_PROBLEM TO WORK ON_.
In the data below, locate the line containing "Smart Feeding & Drinking for Your Pets" and the line containing "Tidal Grass, Kennebunkport, Maine", then retype both and everything between them exactly. Pictures are not part of the copy.

(RECORDS PROVIDED)

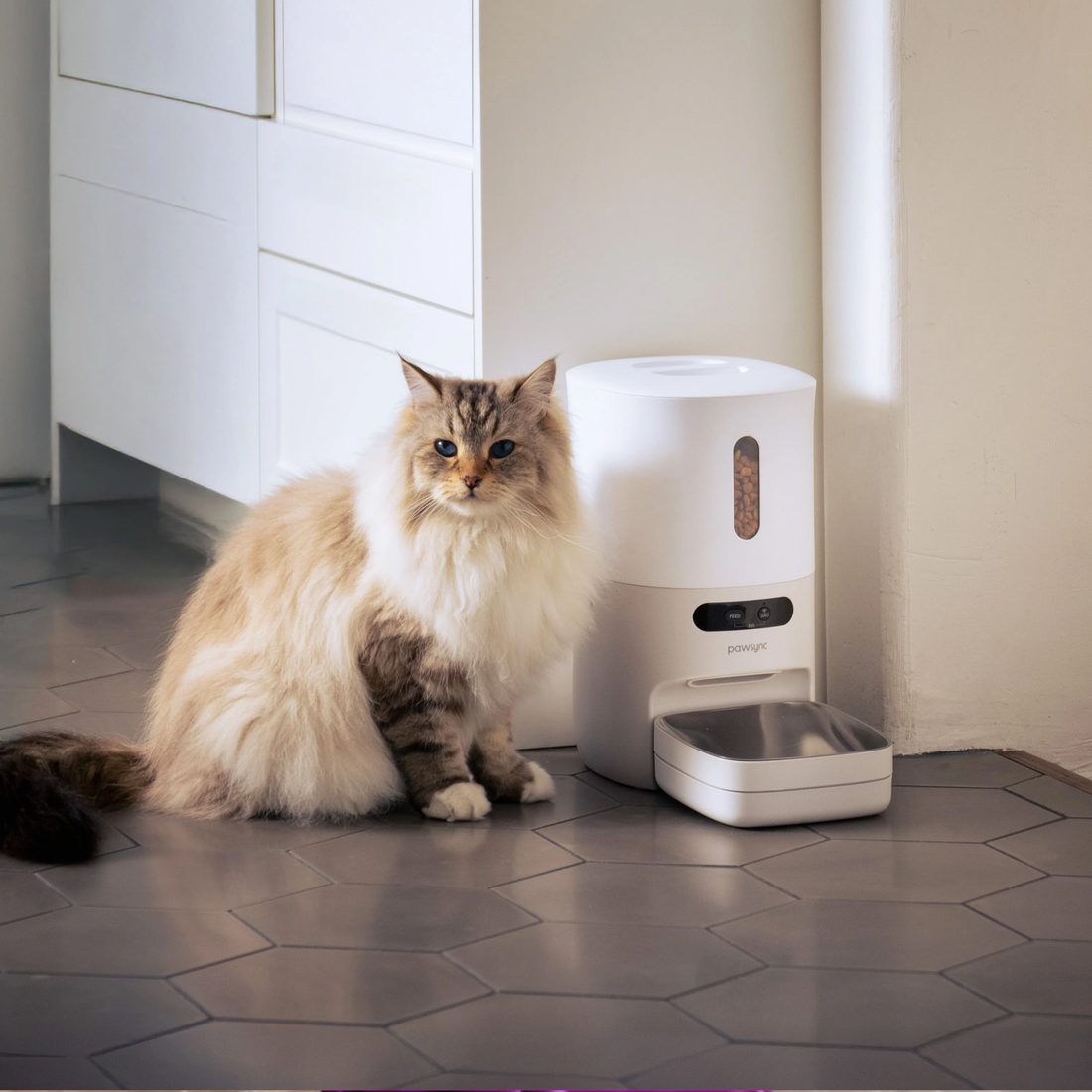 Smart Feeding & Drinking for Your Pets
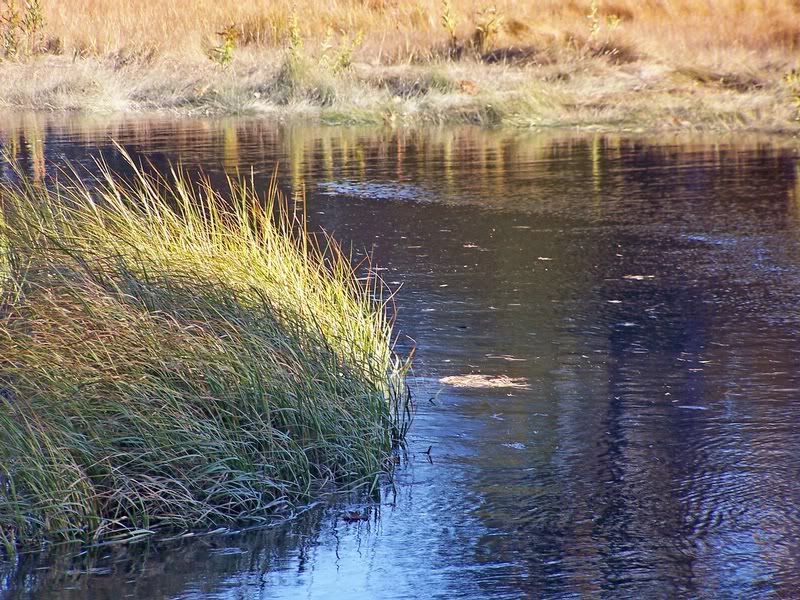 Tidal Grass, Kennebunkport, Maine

(End RECORDS PROVIDED)
(RECORDS PROVIDED)

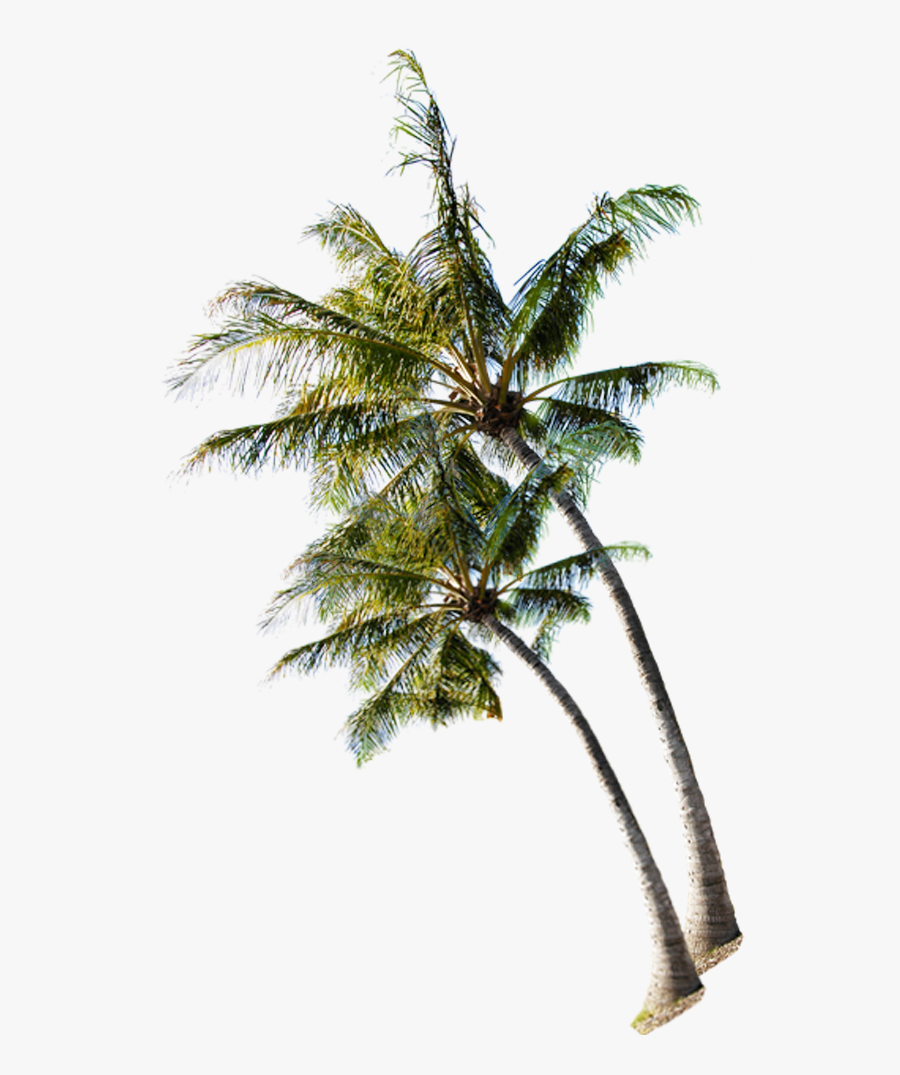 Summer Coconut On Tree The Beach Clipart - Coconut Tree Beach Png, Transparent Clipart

(End RECORDS PROVIDED)

_EXERCISE OUTPUT_.
 Smart Feeding & Drinking for Your Pets
 Tidal Grass, Kennebunkport, Maine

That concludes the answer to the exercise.